This article is taken from a series of recommendations made by Thomas Telford on the rapidly improving condition of the Stewartry roads of around 1800. Newton Stewart bridge had not been rebuilt, the river crossing was by ferry, Tongland bridge was recommended and a section of the Newton Stewart road west of New Galloway had still to be completed. Although published in 1809, at the time of his survey the bridge at Tongland had not ben built. It was stated in 1804 so the survey must have been earlier.
Stewartry Roads about 1800
At Newtown Stewart, the river Cree divides the Shire from the Stewartry of Galloway. This river is of a considerable size, and had formerly a bridge of four arches, each 43 feet span; but this was destroyed by a flood. Since that time the river has been passed by means of a ferry boat; but this, upon so general a communication, is very inconvenient, and particularly so on account of the great numbers of Irish and Scotch cattle which pass this way to the North of England. The situation of the former bridge was a very improper one for the general thoroughfare; to accommodate this, it ought to be placed a considerable way further down the river, and it ought to be made of larger dimensions, both with regard to length and width. If placed in this new situation, and of enlarged dimensions, the expense will be greatly increased. These two counties having lately exerted themselves in a very uncommon manner, and incurred a very heavy expense in improving the roads which form the general line of communication, and which they engage to complete, this expensive work appears to be a proper object for public aid.
From Newtown Stewart to Dumfries lies an extensive track of country, denominated the Stewartry of Kirkcudbright. The road now generally travelled is along the shore by Ferrytown, Gatehouse, and from thence up the country by Castle Douglas, being a distance of 52 miles. Along the whole of this track a new road has been laid out, and is now nearly completed at the expense of the county, and (excepting at the bridge of Dee near to Castle Douglas) it appears to be in as good a direction as the country will admit of.
Another road passes through this district by New Galloway, which is situated in the valley of the Kenn upwards of twenty miles distant from the shore, and this road, excepting for five or six miles, has lately been new made. The distance between Newtown Stewart and Dumfries by this road is about forty-three miles, being nine miles shorter than the former one. Nothing appears wanting to complete this communication, but to execute the before-mentioned five or six miles, which lie immediately to the West of New Galloway.

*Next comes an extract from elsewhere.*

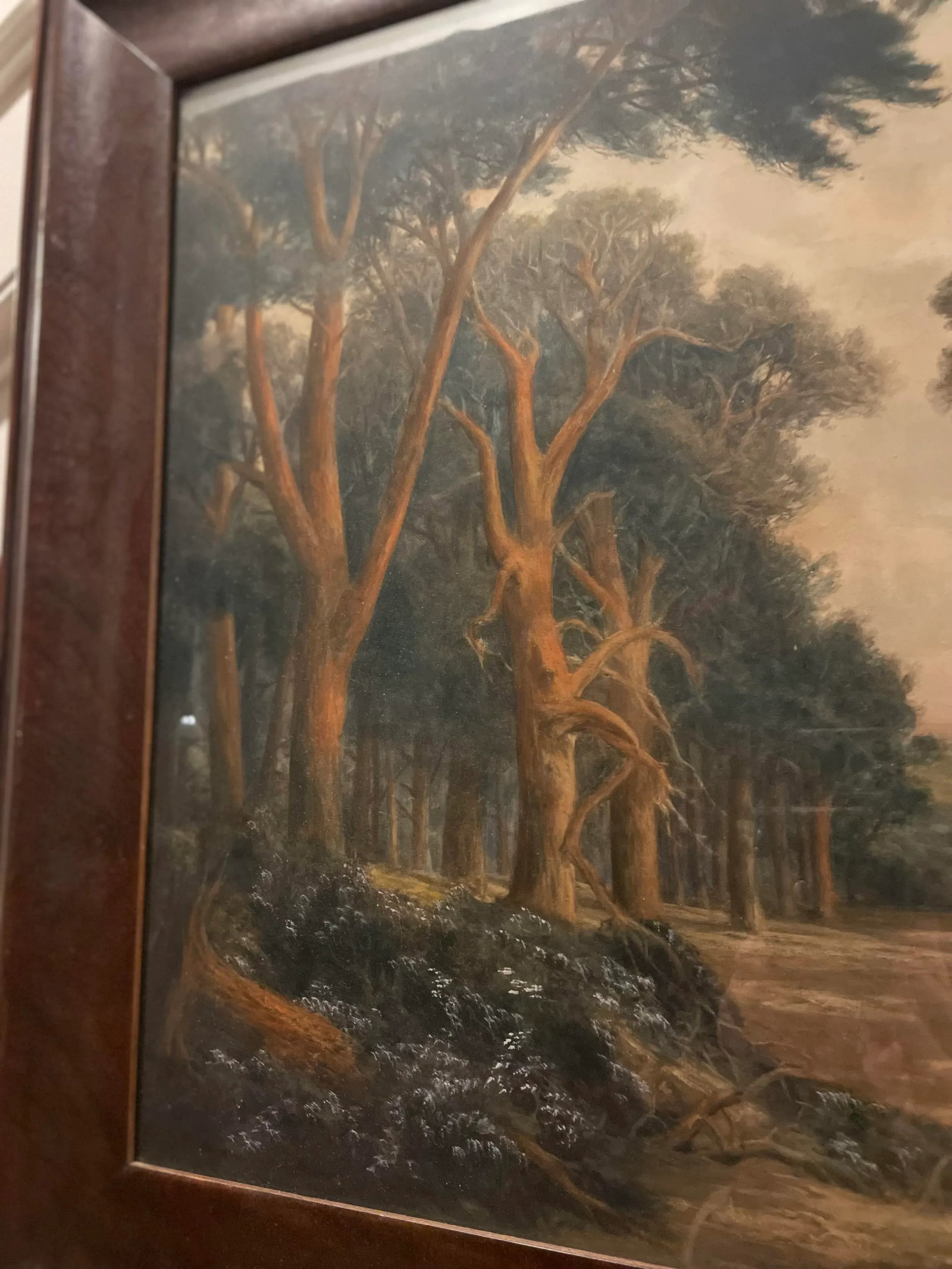 1909 Antique European Realist Landscape Pastel Oil Painting by Charles Edward Johnson Signed and Dat - 3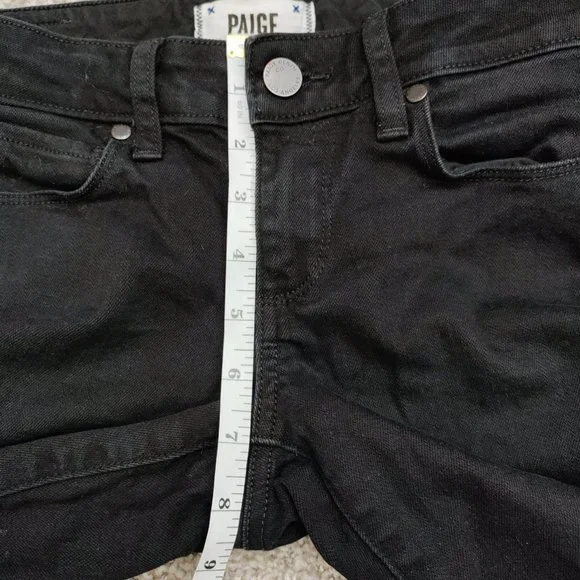 PAIGE Skyline Skinny Jeans in Black Ink Size 23 - Picture 12 of 14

This road passes through a mountainous track of country, which, excepting where it crosses the narrow valley of the Kenn, is very thinly peopled, and appears to be fit only for the pasturage of sheep or black cattle.
There is a third road, more to the South than either of the two former; it is now a tolerably good road, upon the old principles of road making; and surveys have been made out, and a part is already executed upon an improved plan, so as either to avoid the hills, or, where that is impracticable, to render the ascents and descents gradual and easy. This road will pass from Dumfries by Dalbeattie through Kirkcudbright to Gatehouse; its length will be nearly the same as the present road by Castle Douglas; it will pass through the best cultivated and most populous part of the Stewartry; it will likewise pass through Kirkcudbright, which is the county town and port, and Dalbeattie, which is also a port for a very considerable district of country. We understand this road will be completed without requiring public aid; but it will be very imperfect without a bridge erected over the river Dee at Kirkcudbright; this will be an expensive work, and to accomplish it, public aid will be necessary.

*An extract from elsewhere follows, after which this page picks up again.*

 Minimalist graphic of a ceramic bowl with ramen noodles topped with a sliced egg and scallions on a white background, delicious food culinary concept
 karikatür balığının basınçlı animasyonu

It is evident, that to ensure three roads through this extensive district, it is only necessary that public aid be granted to three bridges, viz. at Newtown Stewart, Old Dee, and Kirkcudbright; the competition will then be fair and complete, and the road which, under all circumstances, is best adapted for the public accommodation, will be proved by experience. One matter is certain, that the mere thoroughfare will not support proper inns with a sufficient establishment of horses and carriages, or enable a mail coach to run; market business, the intercourse of the adjacent country, and the travellers of manufacturers who transact business with shopkeepers, are all required; but they can only be found in the most populous parts of this country, and it is therefore on the road which passes through those parts, and the small towns along the coast, when the roads are made equally good, where it is probable that regular accommodation will be found.